After my trivia team lost badly, I played Steal Away Jordan. I had never played before, and the setting was not the traditional pre-Civil War American south. It was late seventeenth century Brazil, a period I had known nothing about. We played rebel slaves who had set up our own strongholds in the Amazon rain forest, faced with the arrival of a Portuguese military force intent on wiping us out. It was an interesting setup.

We had King Zumbi, the warlike leader of the rebels. We had a martial artist possessed by his god. We had a young man bought and sold for his beauty, ready to throw away his life for a chance to kill one of his oppressors. We had a young girl gifted in the ways of magic. And I played a spy on the plantation, with regrets about a man he had killed to try to win a woman’s heart. Oh, and I could turn into a panther. The game ended up with a big fight scene where we routed the Portuguese and saved the day!

The game mechanics were also interesting. The way the dice work, it’s more likely that you’ll wide up with negative numbers than positive ones. So we had a number of conflicts where one side ended up with negative five and the other side had negative three. While, mathematically it doesn’t matter, it also imbues a sense of powerlessness into the game. You fight and you struggle and you make preparations and you get … a negative three! I didn’t get to chat with Julia after the game, but I imagine that was a deliberate design decision.

Also, the way that the dice combine made help interesting. In essence, you roll a bunch of d6s. Every single 1 you roll is worth -1. Every pair of “Lucky Sevens” you roll is worth +1. A “Lucky Seven” is a pair of either 5 +2 or 3+4. 6s count for nothing, and after you pull out all your scoring dice, you must take one more reroll of your non-scoring dice.

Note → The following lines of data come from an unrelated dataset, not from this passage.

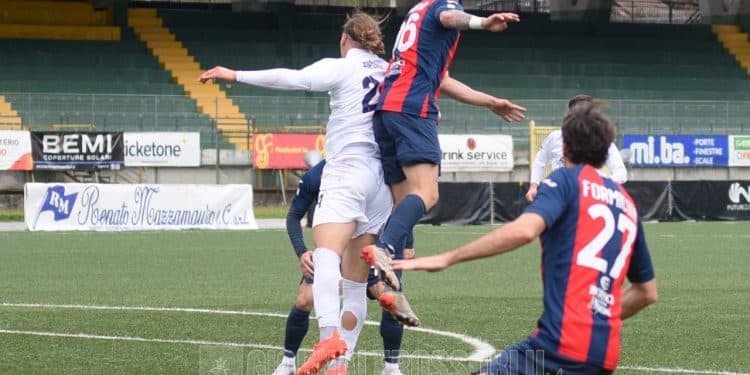 Giugliano-Taranto 0-0, la fotogallery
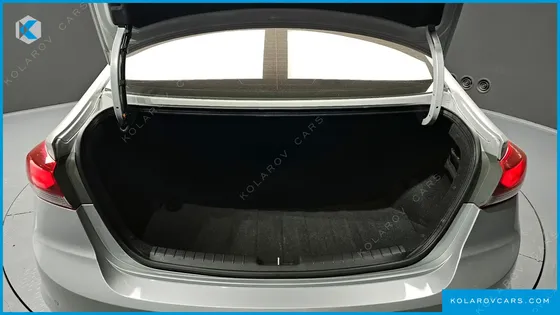 HYUNDAI ELANTRA (AVANTE) 1.6 GDI SMART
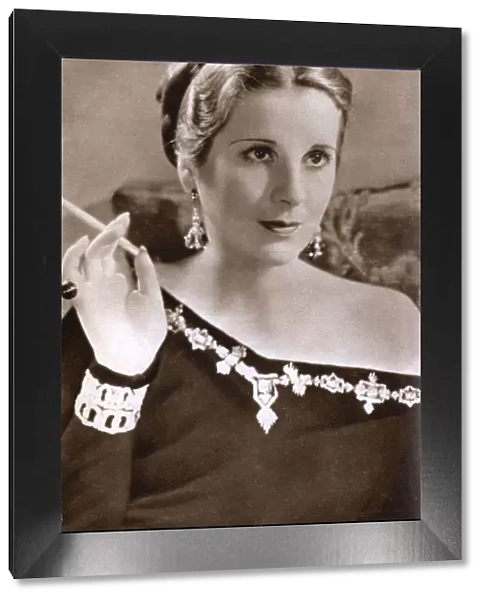 Diana Wynyard, British actress, 1933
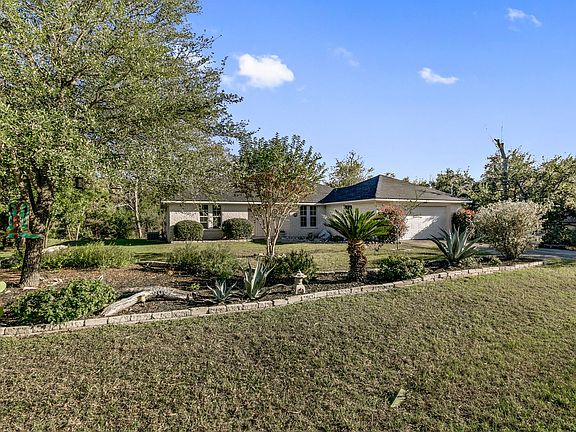 3rd image of 8607 Candelaria Dr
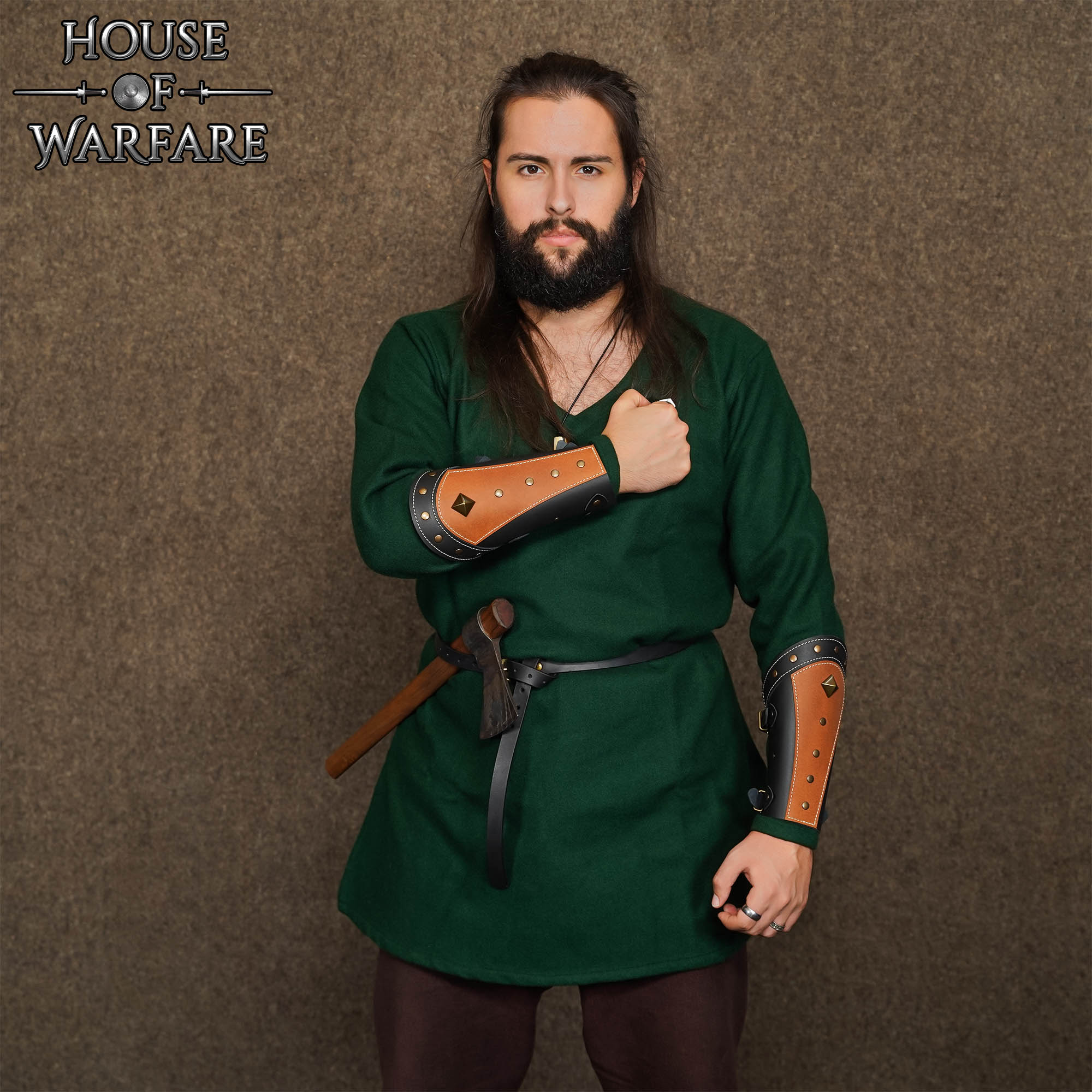 Imagen única de: Brazales de Soldado Mongol de Fantasía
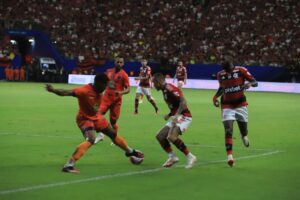 Leia mais sobre o artigo Mais de 44 mil torcedores lotam a Arena da Amazônia no primeiro jogo de 2024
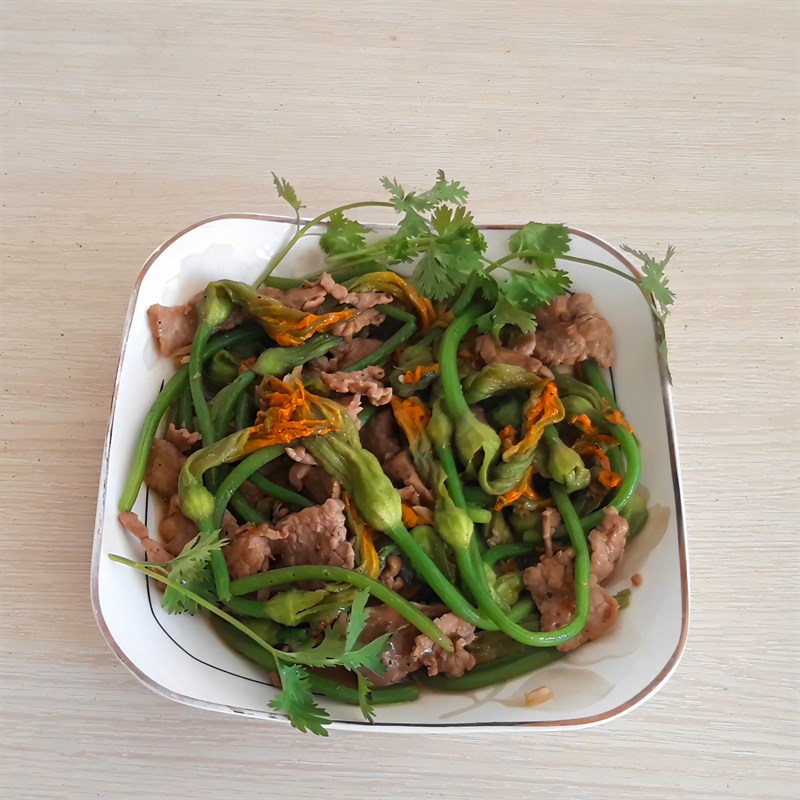 Bước 4 Thành phẩm Bông bí xào thịt bò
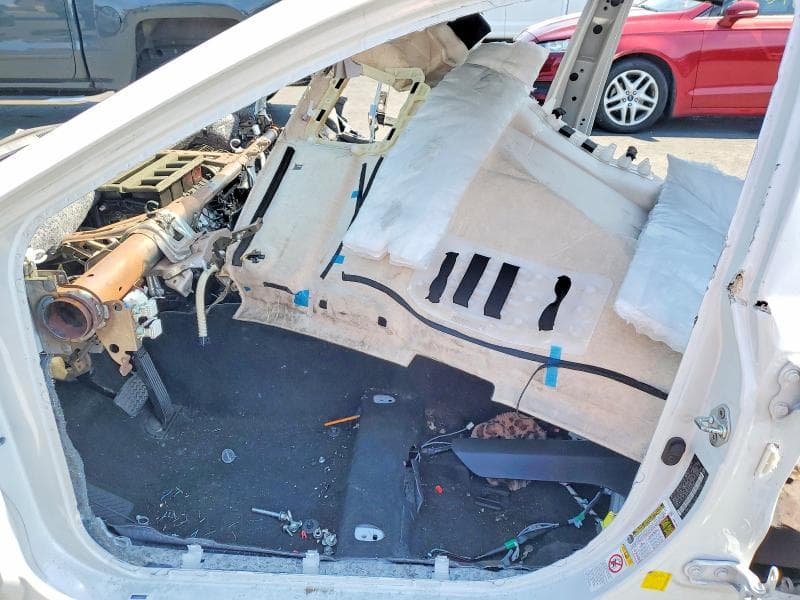 2019 TOYOTA CAMRY XSE 7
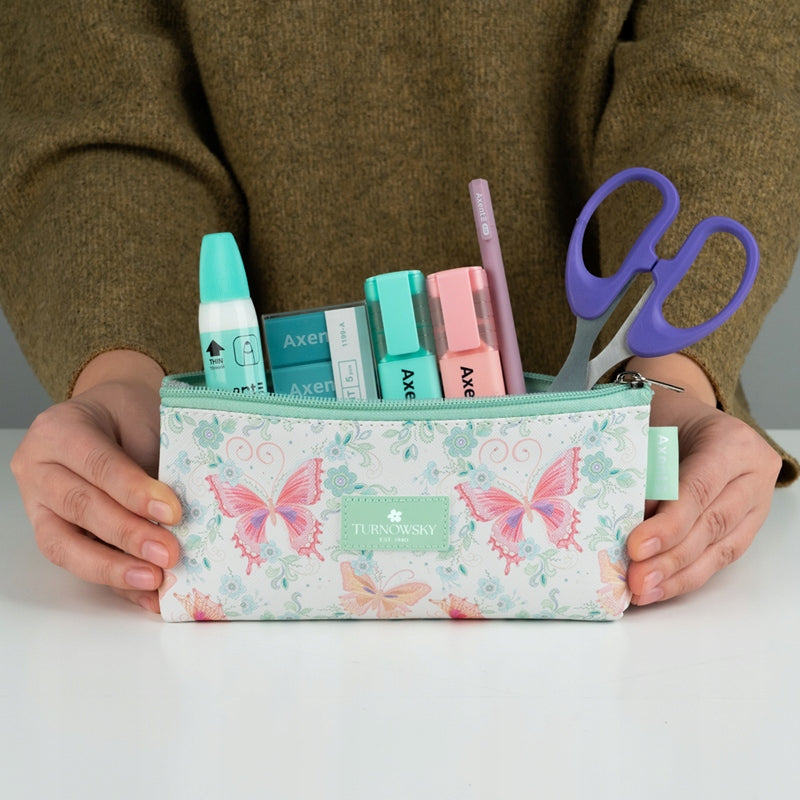 Zielony piórnik Axent wypełniony przyborami, prezentujący jego pojemność.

If you were really looking at succeeding, you probably didn’t want help, since every roll is more likely to come out negative rather than positive. Your helpers are more likely to drag you down. This morning, my game designer brain is chewing over the possibilities. I kinda want to explore the possibilities that you can trade individual dice with your helpers. So, if I’m left with some 4s that I don’t have any 3s to match them with, I want to be able to take a 3 from my helper and give him a 1 in exchange. If our totals don’t add, but we each suffer our own consequences, this would produce higher numbers and choosing to give someone help would have a lot more dramatic weight to it.

Of course, I’d want the whole question of who helps whom to be decided by the bargains that took place in earlier scenes. So, if I agree to be your helper in task X, in exchange for you being my helper in task Y, then I know that task X is going to be painful for me. But I also know that I have a better chance of success on task Y. I’d also have something about if you are subservient to another, you have to take their trades. To refuse to do so is an act of revolt and dangerous.

I’m not sure if it was the unfamiliar historical setting, or the action movie aesthetic that the GM was going for, or the rushed nature of a convention game, but I didn’t feel like there was much danger in the game, as much as arbitrariness. Which was likely another deliberate design choice. It’s an interesting game. I think I’ll order a copy.

Thanks to all for making RECESS a great day of fun!